Triunfo personal del Papa
Cumplió con los compromisos y mostró mejor aspecto físico
1 minuto de lectura'
MEXICO DF.- Reflejando sus espejitos en el cielo para ser vistos desde el avión que llevaba de vuelta al Papa a Roma, millones de mexicanos despidieron ayer, apoteósicamente, a Juan Pablo II, que concluyó la maratón que lo llevó a recorrer más de 22.000 kilómetros en once días, pasando primero por Canadá para la Jornada Mundial de la Juventud, muy brevemente por Guatemala, y, finalmente, por este país.
Sus médicos -y también varios cardenales de la Curia- habían considerado "una locura" un viaje tan largo en las condiciones de salud del Pontífice, de 82 años.

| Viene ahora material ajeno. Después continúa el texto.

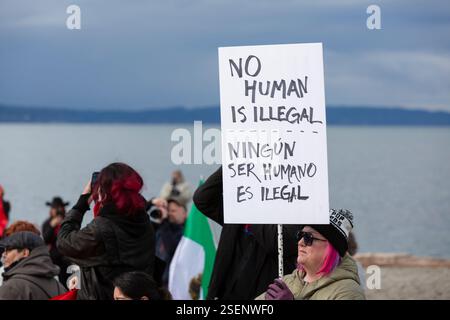 Seattle, Washington, États-Unis. 8 février 2025. Les manifestants se rassemblent à Alki Beach à Seattle pour une manifestation contre LA GLACE. Organisé par la communauté latino-américaine locale, le rassemblement et la marche ont attiré des centaines de manifestants et de partisans contre L’ICE et la déportation de migrants par l’administration vers des camps de détention à Guantanamo Bay, Cuba. Crédit : Paul Christian Gordon/Alamy Live News Banque D'Images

Sin embargo, esta 97a. gira internacional terminó siendo un triunfo personal para el Papa, que cumplió con todos los compromisos previstos y sorprendió a todos por su mejor aspecto físico.
Ayer, en efecto, volvió a subir a pie la escalerilla del avión que lo llevó de vuelta a casa, demostrando como siempre una enorme fortaleza de espíritu y una voluntad férrea.
El Santo Padre no sorprendió sólo por lucir un mejor aspecto en este viaje, y por decidir cuatro veces no utilizar un elevador para bajar o subir del avión, sino también por leer todos sus discursos con una voz fuerte y clara como no se le oía desde hace tiempo, y por ostentar en forma menos visible los síntomas de las enfermedades que padece.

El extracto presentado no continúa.